In 1939, five days after the outbreak of World War II in Europe, FDR gave the agency greater powers. For 20 years, Hoover had demanded an anti-subversive law. Now he got it in the form of the 1940 Smith Act. Ostensibly directed against Nazi sympathizers, the law outlawed the advocacy of revolution and membership in organizations deemed guilty of such advocacy. The Smith Act’s first victims were 18 leaders of the then-Trotskyist Socialist Workers Party (SWP) and leaders of the militant Minneapolis Teamsters Local 544. The SWP denounced the Second World War as an interimperialist war in which revolutionaries took no side between the competing Allied and Axis powers, while standing foursquare in defense of the Soviet Union.
It is well known that in 1942, Roosevelt ordered the roundup and detention of 120,000 Japanese Americans on the West Coast. Less well known is that more than two years earlier the FBI had started drafting lists of thousands to be rounded up in the case of a national emergency, overwhelmingly leftists. At the height of the post-WWII Cold War against the Soviet Union, liberal Democratic Congressman Hubert Humphrey was the driving force behind the 1954 Communist Control Act outlawing the CP. This was the period that gave birth to the NSA, whose overriding purpose was to spy on the Soviet Union. In the 1960s under Lyndon Johnson and his attorney general Ramsey Clark, the anti-Communist COINTELPRO program was expanded into a bloody vendetta against black radicals, especially the Black Panther Party, 38 of whose members were killed by police and Feds and hundreds more railroaded to prison.
For a Workers Party,
Tribune of the People!
In his book Revolutionary Socialism (1918), Louis Fraina, who would play a leading role in the early American communist movement, wrote: “Government having engaged itself to promote finance-capital in its imperialistic projects, it becomes increasingly un-democratic.” He also noted the increasing power of the imperial presidency, a tendency which is “particularly strong and typical in the United States.”

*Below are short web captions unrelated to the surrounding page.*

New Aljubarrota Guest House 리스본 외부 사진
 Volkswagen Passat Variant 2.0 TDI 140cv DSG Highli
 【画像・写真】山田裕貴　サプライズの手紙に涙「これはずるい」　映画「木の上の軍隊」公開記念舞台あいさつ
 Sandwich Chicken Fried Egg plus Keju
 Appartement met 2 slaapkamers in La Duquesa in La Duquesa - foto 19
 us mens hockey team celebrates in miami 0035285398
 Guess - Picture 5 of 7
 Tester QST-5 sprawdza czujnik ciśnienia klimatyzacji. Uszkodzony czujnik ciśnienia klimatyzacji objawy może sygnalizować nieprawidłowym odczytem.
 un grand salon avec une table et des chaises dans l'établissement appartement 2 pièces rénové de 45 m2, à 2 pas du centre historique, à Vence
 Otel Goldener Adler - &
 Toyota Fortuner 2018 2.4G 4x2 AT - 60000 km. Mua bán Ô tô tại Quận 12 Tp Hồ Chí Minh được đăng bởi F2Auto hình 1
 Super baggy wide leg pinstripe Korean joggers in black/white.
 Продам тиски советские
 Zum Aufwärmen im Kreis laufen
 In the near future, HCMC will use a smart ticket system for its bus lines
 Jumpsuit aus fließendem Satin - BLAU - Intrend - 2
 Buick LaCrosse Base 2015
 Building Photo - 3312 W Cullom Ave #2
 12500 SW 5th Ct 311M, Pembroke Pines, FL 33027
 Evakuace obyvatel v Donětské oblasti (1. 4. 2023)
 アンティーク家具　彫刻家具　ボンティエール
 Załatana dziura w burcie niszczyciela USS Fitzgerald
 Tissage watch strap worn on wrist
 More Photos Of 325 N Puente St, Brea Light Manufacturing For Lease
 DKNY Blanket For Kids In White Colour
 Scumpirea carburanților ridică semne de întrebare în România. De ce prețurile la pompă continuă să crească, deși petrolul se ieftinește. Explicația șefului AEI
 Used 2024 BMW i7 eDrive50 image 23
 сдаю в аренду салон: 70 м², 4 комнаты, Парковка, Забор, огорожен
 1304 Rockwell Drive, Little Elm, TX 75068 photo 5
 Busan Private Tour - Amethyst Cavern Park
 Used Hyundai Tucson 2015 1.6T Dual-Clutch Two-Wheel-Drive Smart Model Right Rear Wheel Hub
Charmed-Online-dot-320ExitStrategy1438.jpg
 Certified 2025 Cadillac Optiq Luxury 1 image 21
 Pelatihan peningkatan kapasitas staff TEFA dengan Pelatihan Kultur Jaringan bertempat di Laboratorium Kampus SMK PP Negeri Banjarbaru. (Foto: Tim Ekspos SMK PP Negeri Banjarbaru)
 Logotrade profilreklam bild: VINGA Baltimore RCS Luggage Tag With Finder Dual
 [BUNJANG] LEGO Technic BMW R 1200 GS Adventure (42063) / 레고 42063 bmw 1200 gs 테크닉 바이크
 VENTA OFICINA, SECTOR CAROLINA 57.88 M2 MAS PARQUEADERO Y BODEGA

Ultimately, what the government gets away with in its increasing drive to regiment the working class and most everyone else in this society is dependent on the level of class and social struggle. From the rights for workers to organize in unions to the smashing of legalized segregation, every gain for the exploited and oppressed has been won through hard and bitter struggle. And the bourgeoisie, driven by the lash of capitalist competition, has fought to take back their concessions to the masses. Formal legal restrictions were placed on the cops and the government’s political police in the wake of the massive struggles for black civil rights in the 1950s and ’60s and against the Vietnam War. But those restrictions have since been largely eroded.
The Spartacist League is dedicated to building a revolutionary workers party that would champion the struggles of the exploited and the oppressed against the vicious capitalist rulers. In so doing, such a party would impart the consciousness that the depravities of capitalist rule can only be ended once and for all with the expropriation of the bourgeoisie by a workers government—the dictatorship of the proletariat.